Leah helped her sister decorate the nursery once they'd learned they were having a little boy and tried not to comment too strongly on the stereotypical blue color or the cowboy theme. After they'd finished putting up the borders, the two sisters had moved to the kitchen and sat down at Julia's table.
"Being pregnant suits you," Leah said with a smile.
Julia burst into tears.
Leah jumped up, embracing her sister out of habit, but lost as to the cause.
"What's wrong?" she asked, squeezing Julia's shoulders tightly.
"I took the stupid test!" Julia wailed. "I kept thinking about what we talked about, and then I started wondering, what if there was something horrible that was going to happen to me before our baby grew up? And then I thought about how our dad died when we were little, and how horrible that was… and I couldn't help it…" Julia sniffled, wiping her nose. "But I can't do it." She sighed. "I just… I just can't do it."
"I don't understand," Leah said.
Julia pulled out her purse and opened it. She dug inside, pulling out an envelope that she'd obviously gotten from an ATM.

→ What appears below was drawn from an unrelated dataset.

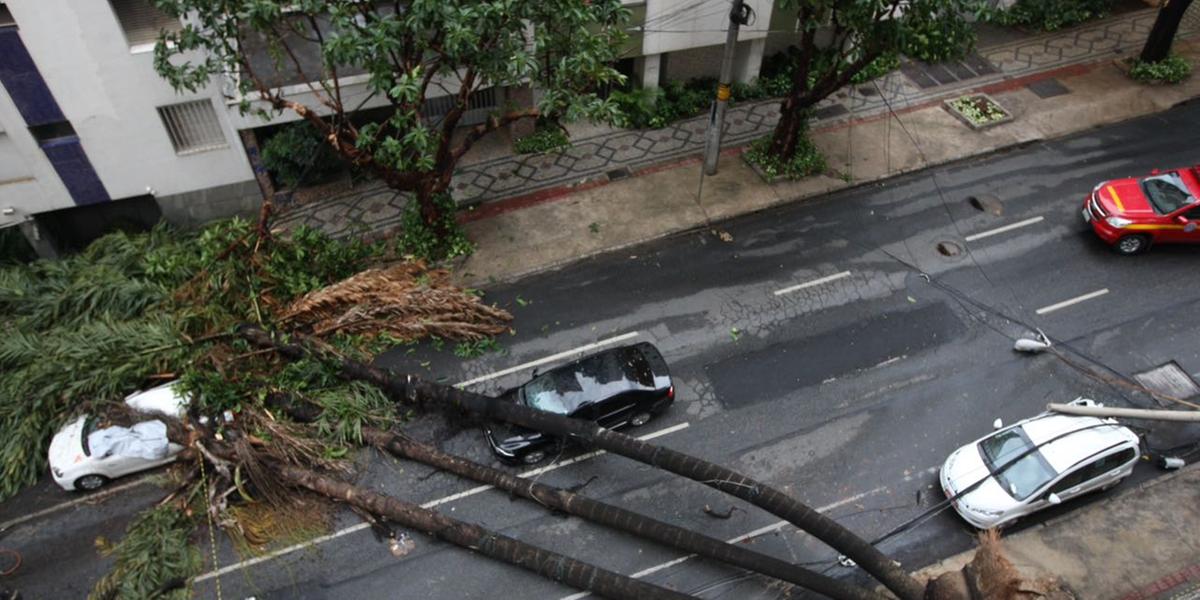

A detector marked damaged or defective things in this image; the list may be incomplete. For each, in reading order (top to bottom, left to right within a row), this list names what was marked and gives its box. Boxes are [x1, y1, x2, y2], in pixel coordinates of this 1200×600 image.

"I didn't look at them; I just put them in here," Julia said. She took a shaky breath. "It gave me two. All I want to know…" She swallowed and handed the envelope to Leah. "All I want to know is that it has nothing to do with being pregnant. And that it doesn't say I'll die before I get to see my baby grow up."
Leah opened the envelope and pulled out the two slips of paper.
"They're the same as mine," she said, then looked up at her sister. "And don't worry. Neither of them is about pregnancy, and they don't say anything about dying young. In fact—"
"Stop!" Julia raised a hand. "I don't want to know."
Leah bit her lip, considering. Then she nodded and put the slips back into the envelope.
"If you call the company and tell them what happened, they'll refund your test payment," she said.
"I never want to think about that again," Julia said.
Graham was born, and Leah found out that she did have a mothering gene after all—though she truly enjoyed handing Graham back to her sister when she was ready to go home and have a long hot bath. Tristan was a natural at being a dad, and Julia had never seemed happier.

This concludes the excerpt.